You do not need to know anything about the specification file to use Workbench, but you must be very careful if you decide to edit it.

Workbench reads and writes to this file
It is a yaml file, and is thus very particular about formatting
It has a schema that you must follow
It has required fields and optional fields
You can edit the file but you cannot delete it
If you edit the file and things break, they aren’t broken permanently. Just fix the file

Project Specification Concerns#

The specification has four main concerns broken into sections.

You can see and edit the sections in the /project/.project/spec.yaml file.

meta: Basic metadata about the project like name and description
layout: Directory structure and how versioning backends are applied
environment: Information about the container image and environment, including configured applications
execution: Runtime information for the project container

There are some things that aren’t concerns of the specification.
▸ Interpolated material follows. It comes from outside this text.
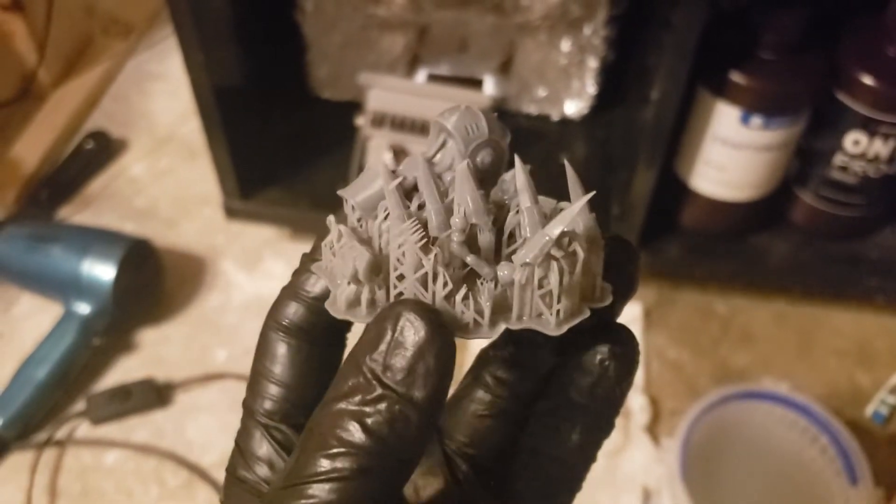And then... Boom. You can hear the fan going. You see all the UV bleed. This is a Phrozen Sonic Mini 4K, which is a great printer, albeit a couple of flaws. This one's pretty heavily modified thus far. But let's see what happens next.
Git history or the git remote being used
The individual files in the project, except potentially the compose.yaml file

Example AI Workbench Project Spec File#

The following is an example of an AI Workbench project spec.yaml file.

specVersion: v2
specMinorVersion: 1
meta:
  name: example-project
  image: project-example-project
  description: An example project using PyTorch
  labels: []
  createdOn: "2024-01-04T23:32:17Z"
  defaultBranch: main
layout:
- path: code/
  type: code
  storage: git
- path: models/
  type: models
  storage: gitlfs
- path: data/
  type: data
  storage: gitlfs
- path: data/scratch/
  type: data
  storage: gitignore
environment:
  base:
    registry: nvcr.io
    image: nvidia/ai-workbench/pytorch:1.0.2
    build_timestamp: "20231212000523"
    name: PyTorch
    supported_architectures: []
    cuda_version: "12.2"
    description: A Pytorch 2.1 environment with CUDA 12.2
    entrypoint_script: ""
    labels:
    - cuda12.2
    - pytorch2.1
    apps:
    - name: jupyterlab
      type: jupyterlab
      class: webapp
      start_command: jupyter lab --allow-root --port 8888 --ip 0.0.0.0 --no-browser
        --NotebookApp.base_url=\$PROXY_PREFIX --NotebookApp.default_url=/lab --NotebookApp.allow_origin='*'
      health_check_command: '[ \$(echo url=\$(jupyter lab list | head -n 2 | tail
        -n 1 | cut -f1 -d'' '' | grep -v ''Currently'' | sed "s@/?@/lab?@g") | curl
        -o /dev/null -s -w ''%{http_code}'' --config -) == ''200'' ]'
      timeout_seconds: 90
      stop_command: jupyter lab stop 8888
      user_msg: ""
      icon_url: ""
      webapp_options:
        autolaunch: true
        port: "8888"
        proxy:
          trim_prefix: false
        url_command: jupyter lab list | head -n 2 | tail -n 1 | cut -f1 -d' ' | grep
          -v 'Currently'
    - name: tensorboard
      type: tensorboard
      class: webapp
      start_command: tensorboard --logdir \$TENSORBOARD_LOGS_DIRECTORY --path_prefix=\$PROXY_PREFIX
        --bind_all
      health_check_command: '[ \$(curl -o /dev/null -s -w ''%{http_code}'' http://localhost:\$TENSORBOARD_PORT\$PROXY_PREFIX/)
        == ''200'' ]'
      timeout_seconds: 90
      stop_command: ""
      user_msg: ""
      icon_url: ""
      webapp_options:
        autolaunch: true
        port: "6006"
        proxy:
          trim_prefix: false
        url: http://localhost:6006
    programming_languages:
    - python3
    icon_url: ""
    image_version: 1.0.3
    os: linux
    os_distro: ubuntu
    os_distro_release: "22.04"
    schema_version: v2
    user_info:
      uid: "1001"
      gid: "1001"
      username: "appuser"
    package_managers:
    - name: apt
      binary_path: /usr/bin/apt
      installed_packages:
      - curl
      - git
      - git-lfs
      - vim
    - name: pip
      binary_path: /usr/local/bin/pip
      installed_packages:
      - jupyterlab==4.0.7
    package_manager_environment:
      name: ""
      target: ""
execution:
  apps: []
  resources:
    gpu:
      requested: 1
      sharedMemoryMB: 1024
  secrets: []
  mounts:
  - type: project
    target: /project/
    description: project directory
    options: rw
  - type: volume
    target: /data/tensorboard/logs/
    description: Tensorboard Log Files
    options: volumeName=tensorboard-logs-volume

AI Workbench Project Spec Definition#

Project Metadata#

The spec file includes project metadata, such as version, name, descrption, and directory structure. The following are the project metadata fields.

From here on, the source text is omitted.